The thought of a handsome, brawny sailor away at sea for a long period of time lovingly hand-crafting a personal valentine for his sweetheart back home certainly brings dreamy romantic thoughts to my mind.

It has been said that nineteenth-century sailors made wooden boxes displaying an intricate array of beautiful little sea shells they collected from remote parts of the globe while on their travels. The boxes were octagonally shaped and built of Spanish cedar or sometimes mahogany, with a hinged glass lid. Sometimes they were two boxes hinged together. Many of these valentines incorporated some sentimental message written out in tiny shells. They could be shut and locked with a key in case a love note needed to be tucked away inside.


Ahhhh, imagine a burly sailor with Popeye forearms and strong calloused hands taking time each evening when he wasn’t on duty thoughtfully gluing the tiny seashells that he had meticulously gathered into a pleasing pattern for that special person back at home. Sometimes these patterns were further adorned with paper cutouts or bits of colored glass.
In order for a sailor to do this, he would need to carry with him things like cotton backing, colored paper -- usually pink -- glue, glass, small hinges and a list of other items. In those days, people used glue made from animal hide which would take hours to dry. Not very practical on a moving ship.
Hum. Sailors carved items like scrimshaws -- a tooth from a Sperm whale -- featuring intricate patterns of manly subject matter. There are over 100,000 species of shells found all over the world, and most of the shells used in these valentines are from the island of Barbados. It appears that many of these mementos had their origin there.

In the Caribbean, Barbados was a British colony. An important call for American and English ships during the nineteenth century. The beaches were littered with seashells. There was also a gift shop.


It sold all sorts of touristy gifts such as coral necklaces, broaches, shark bone walking sticks, dried fish jaws, and tortoise shell hair accessories. Years later, when collectors were taking their valentines in for repair, conservators discovered the Barbados newspaper under the shells used for padding and support.

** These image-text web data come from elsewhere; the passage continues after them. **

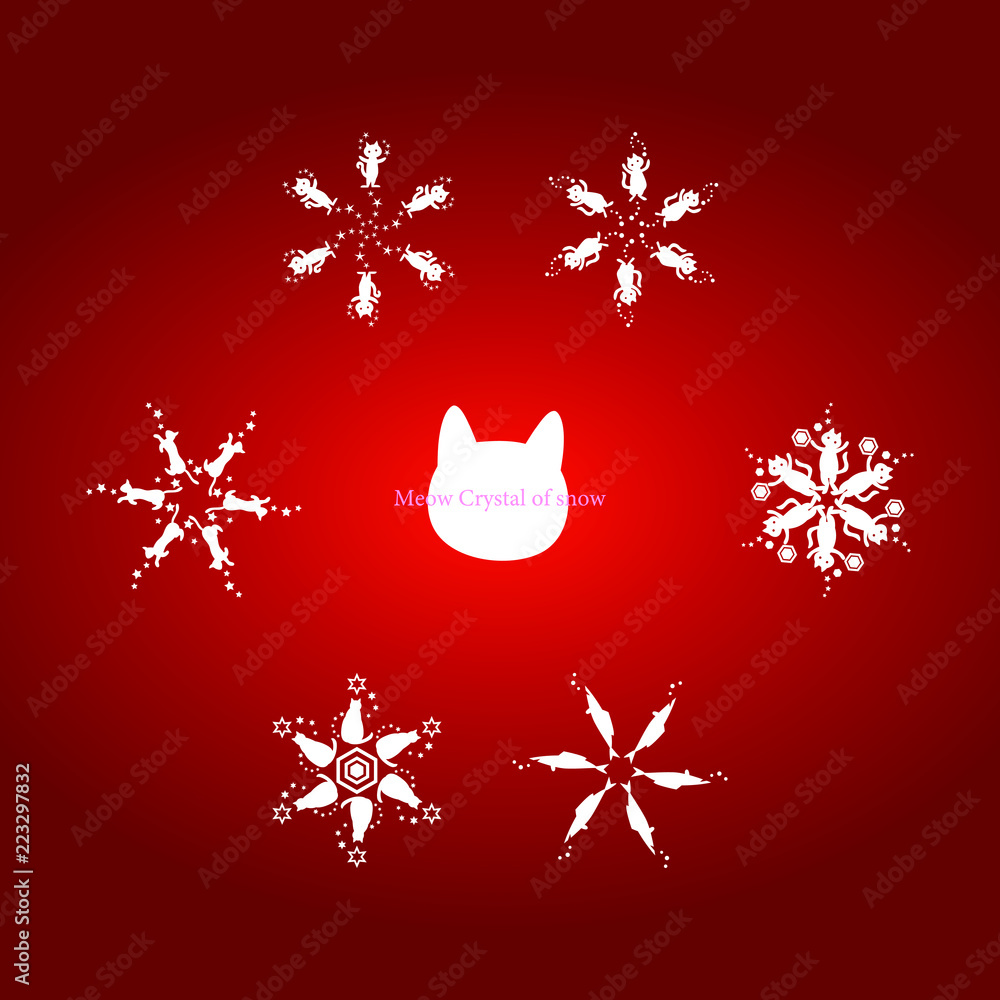 Meow Crystal Of Snow 雪の猫結晶のベクター素材 Eps Stock Vector Adobe Stock
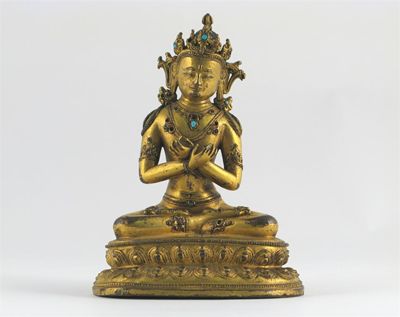 Appraisal: A Tibetan gilt bronze figure of Vajadhara seated in lalitasana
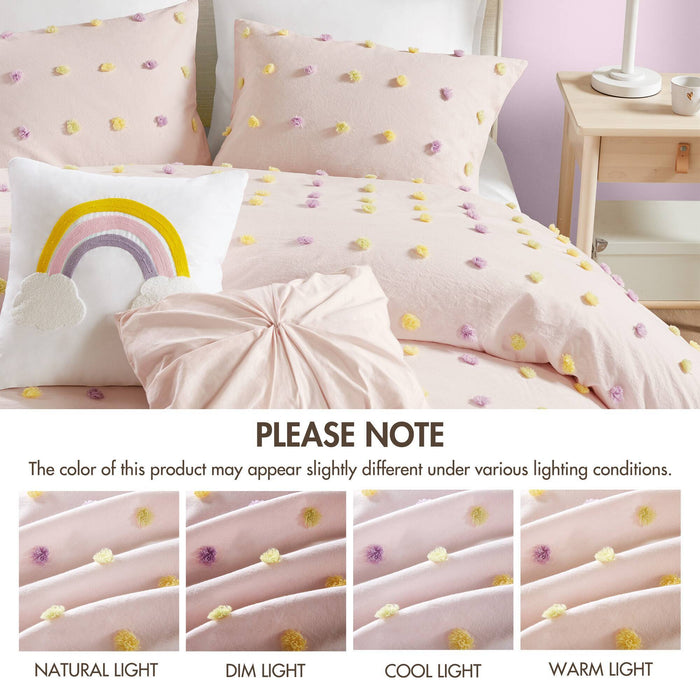 Callie - 5 Piece Full/Queen Pom Pom Comforter Set - Pink Multi - Simple Home Plus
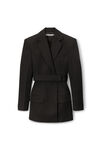 Alexander Wang black belted blazer dress in wool tailoring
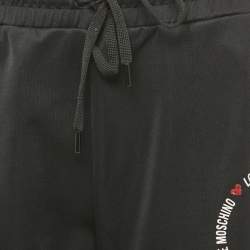 Love Moschino Black Logo Printed Jersey Track Pants M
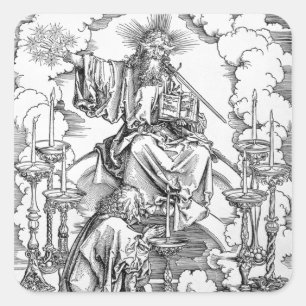 Die Vision der sieben Kerzenleuchten Quadratischer Aufkleber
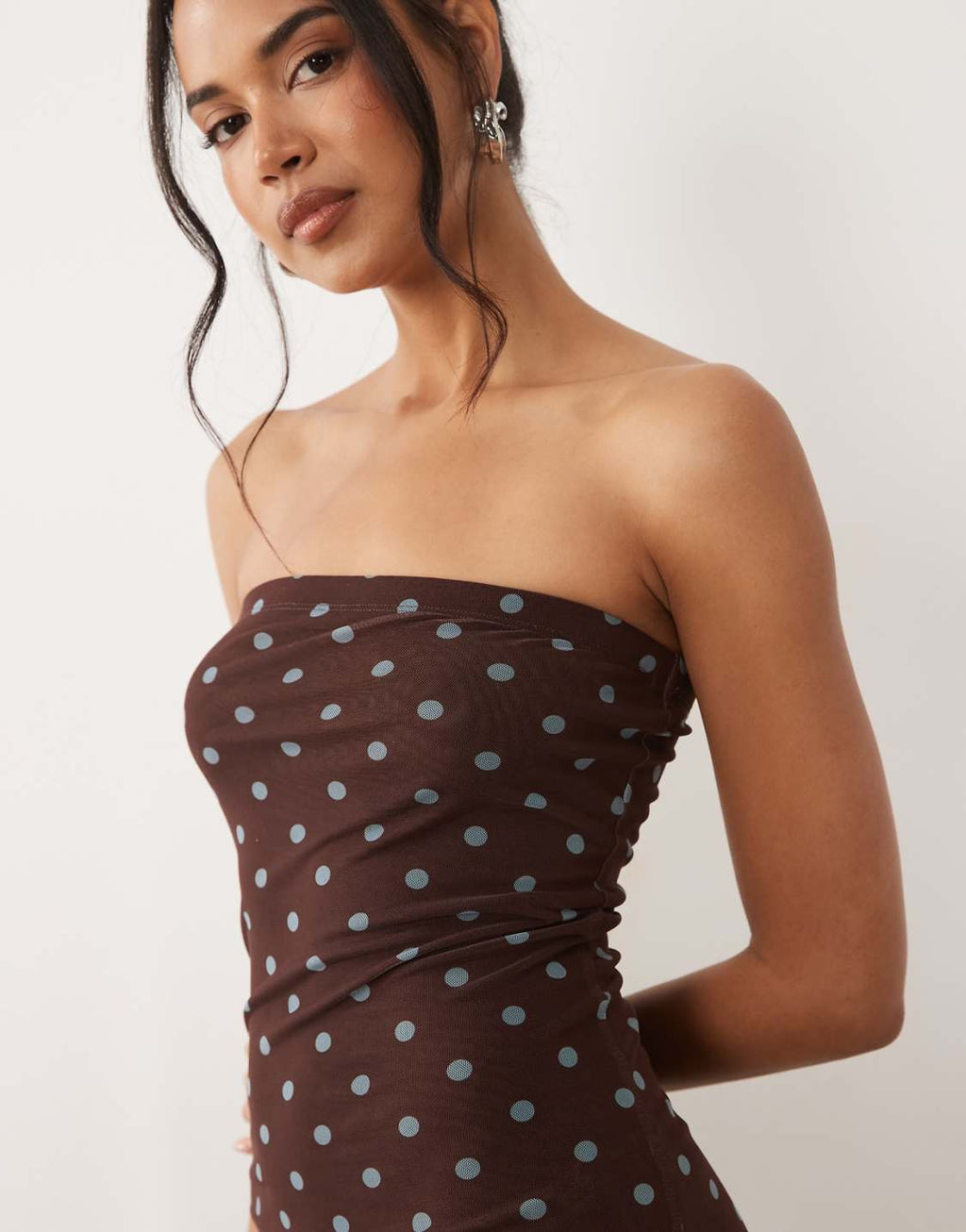 Sheer mesh bandeau maxi dress in brown polka dot print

In reality, sailors didn't make these valentines afterall. Most were made by the people of Barbados specifically for the souvenir trade which had its heyday from the 1830s to 1880s. These boxes range anywhere in size from eight to sixteen inches in diameter. Victorians were shell-crazy. Shells were incorporated into a variety of other items including picture frames, sewing boxes, wall hangings, floral decoupage and many other keepsakes.

These mementos, especially the valentines, have gained value and popularity in the past few decades. Today, they sell regularly at Christie’s and Sotheby’s, as well as on eBay and in a few antique shops. A modest single valentine 20 years ago sold for $350 to $600. It now sells for $3,500 to $8,500, while the price for a large double valentine has jumped to between $8,500 and $18,000. In July 2006, two double octagonal sailor’s valentines went up for auction. They both well exceeded their estimates. The first had shells and dried berries. On the left it had a geometric motif of roses and a heart; and on the right side, it repeated the geometric pattern and in the center it spelled out in little shells: "For My Mother." That sold for $24,000. The second one sold also had a geometric motif on both sides. On the left it had a central motif of an anchor, and on the right a large rose at the center. It sold for $31,200.


Regardless, most of us would prefer to think of that manly sailor on his ship with a tender heart.